Buch: The Church and the Culture War

Titel: The Church and the Culture War

Stichwort: Moderne Geisteshaltung des "sowohl als auch" (both/and); Sentimentalismus (Chesterton)

Kurzinhalt: The desire to have "both/and", rather than to face up to the inescapable "either/or"s of life, has left its mark everywhere... The refusal to make such commitments is frequently presented as a form of freedom, since it always allows one to do as one ...

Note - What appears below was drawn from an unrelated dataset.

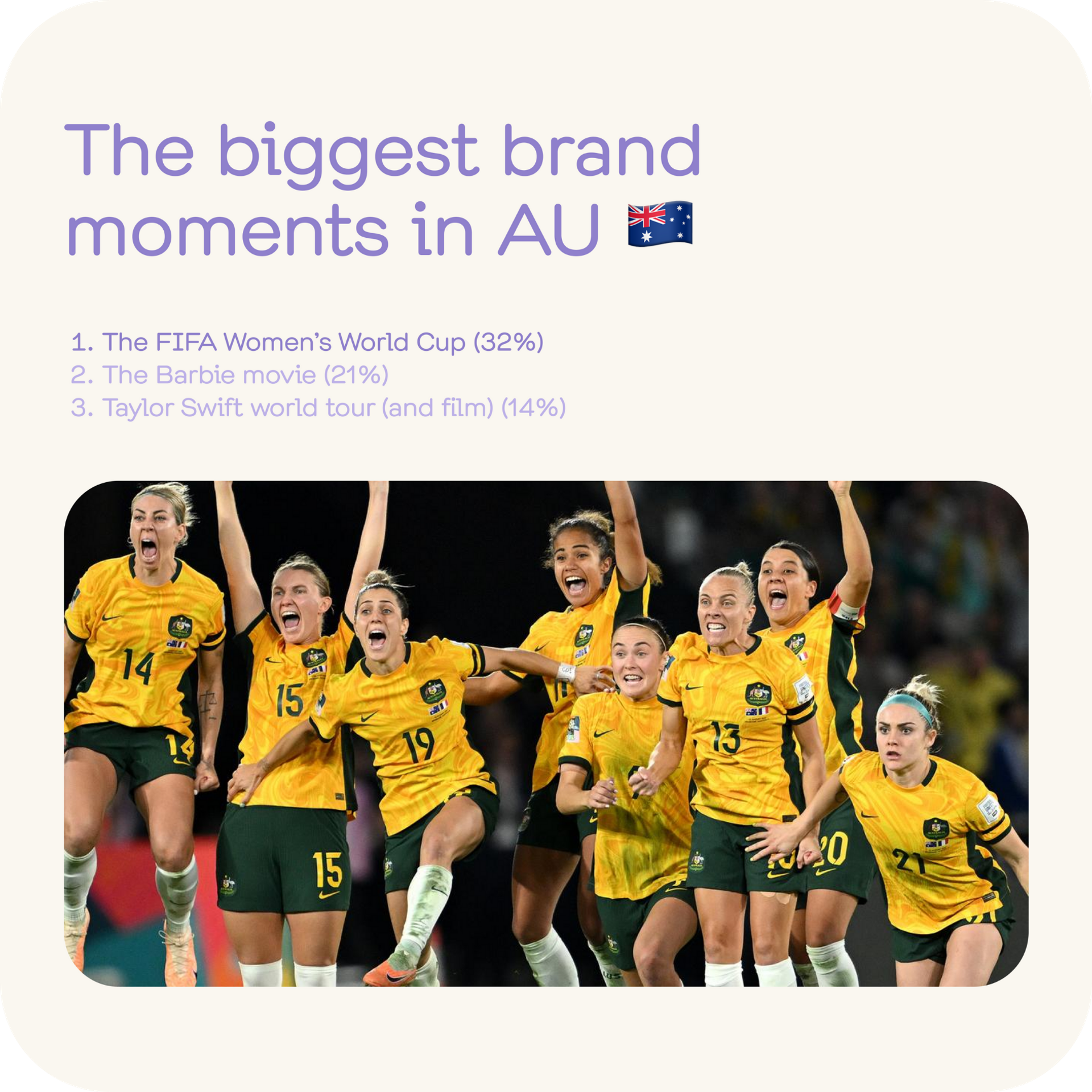 Biggest brand moments in Australia in 2023, prominently featuring scenes from the Women's FIFA World Cup.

Textausschnitt: "BOTH/AND"

12a Ours is a sentimental age. That is to say, ours is an age of emotional self-indulgence. As G. K. Chesterton notes,

The sin of sentimentalism only occurs when somebody indulges a feeling, sometimes even a real feeling, at the prejudice of something equally real, which also has its rights. The most common form of this dishonesty is what is called "having it both ways." I have always felt it in the conventionalized laxity of fashionable divorce, where people want to change their partners as rapidly as at a dance, and yet want again and again to thrill at the heroic finality of the sacramental vow, which is like the sound of a trumpet. They want to eat their wedding cake and have it.1

12b The desire to have "both/and", rather than to face up to the inescapable "either/or"s of life, has left its mark everywhere. Nowhere is this more apparent, as Chesterton points out, than in marriage, where the ability to experience the thrill of the romance of an irrevocable commitment 'til death do us part is not thought to be incompatible with the ability to experience the relief that comes from being done with the relationship once the first blush is off the rose, not to mention being able to experience the thrill of the irrevocable commitment all over again. The notion that one ought either live out the relationship to which one has pledged oneself or not enter into such a relationship at all seems, to modern minds, a harsh and dreadful judgment capable of being enunciated only by cold, uncaring people. As a result, today's inclusive mentality has turned the whole sexual landscape into a hodgepodge of premarital, extramarital, postmarital, heterosexual, homosexual, bisexual, sado-masochistic, multipartnered or serially monogamous promiscuity. No one type of sexual activity seems to preclude others, and no state of life seems to preclude sexual activity. (Fs) (notabene)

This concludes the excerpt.